Вслед за этим Фрейд резко восстает против обывательского представления о Достоевском как о «грешнике или преступнике», напоминая о Достоевском «с его огромной потребностью в любви и с невероятной способностью любить и помогать даже там, где он имел право на ненависть и на месть, как, например, в отношении своей первой жены и ее возлюбленного».
Приступая к анализу личности писателя, Фрейд выдвигает чрезвычайно интересную и выглядящую довольно убедительно гипотезу, что его эпилепсия носила не физиологический, а психологический, истерический характер.
«Наиболее правдоподобно предположение, — писал Фрейд, — что припадки имеют свои истоки в раннем детстве Достоевского; что поначалу они характеризовались более слабыми симптомами, лишь после потрясшего его в восемнадцатилетнем возрасте переживания — убийства отца — приняли форму эпилепсии… Мы знаем содержание и устремление таких припадков смерти. Они означают отождествление с покойником — человеком, действительно умершим или еще живущим, но которому желают смерти. Последний случай более важен. В этом случае припадок равноценен наказанию. Пожелавший другому смерти теперь сам становится этим другим и сам умирает.
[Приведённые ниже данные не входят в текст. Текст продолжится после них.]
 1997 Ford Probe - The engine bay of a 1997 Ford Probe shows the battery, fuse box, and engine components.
При этом психоаналитическое учение утверждает, что для мальчика, как правило, этим другим является отец, а стало быть, припадок, называемый истерическим — это самонаказание за желание смерти ненавистного отца…»
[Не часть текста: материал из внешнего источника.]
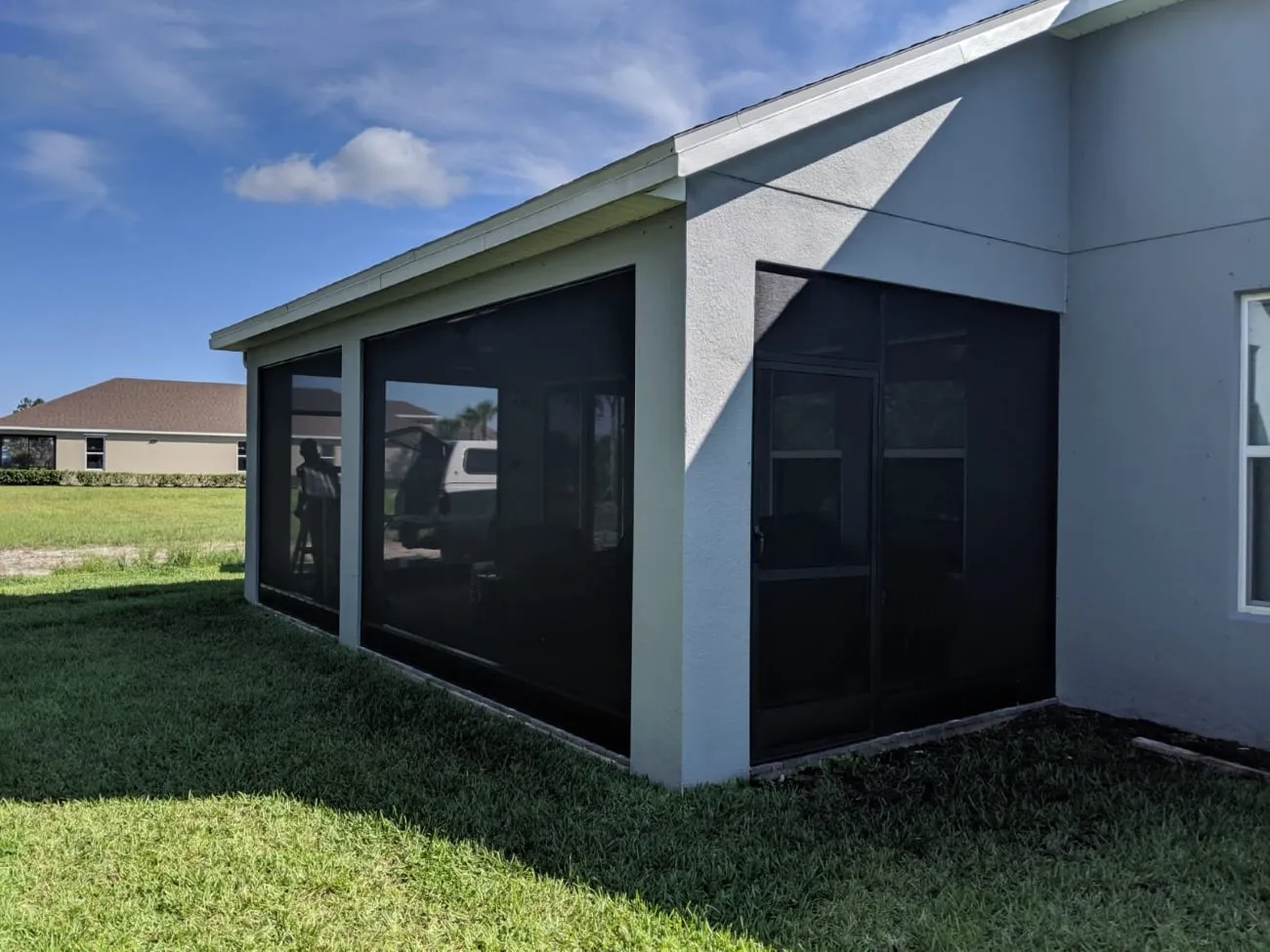 New screen enclosure with dark mesh panels and screen door on a light gray Florida home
И далее: «Формула личности Достоевского такова: человек с особо сильной бисексуальной предрасположенностью, способный с особой силой бороться с зависимостью от чрезвычайно сурового отца… Следовательно, ранний симптом „приступов смерти“ можно понимать как допущенное „Сверх-Я“ в качестве наказания отождествления „Я“ с отцом. Ты захотел убить отца, дабы самому стать отцом. Теперь ты — отец, но мертвый отец, обычный механизм истерических симптомов».
Таким образом, всё сводится снова к эдипову комплексу и идеям отцеубийства, изложенным еще в книге «Тотем и табу».
Безусловно, о такой трактовке можно долго спорить. Безусловно, многие замечания Фрейда вызывают раздражение, а его фраза о том, что «сделка с совестью — типично русская черта», не может не вызвать справедливого возмущения у любого русского (как, впрочем, антисемитские пассажи Достоевского вызывают возмущение у евреев). И тем не менее следует признать, что, читая биографию Достоевского, невозможно отделаться от мысли, что Фрейд опять «в чем-то прав». Сама судьба и книги этого великого художника служат косвенным подтверждением справедливости многих концепций фрейдизма.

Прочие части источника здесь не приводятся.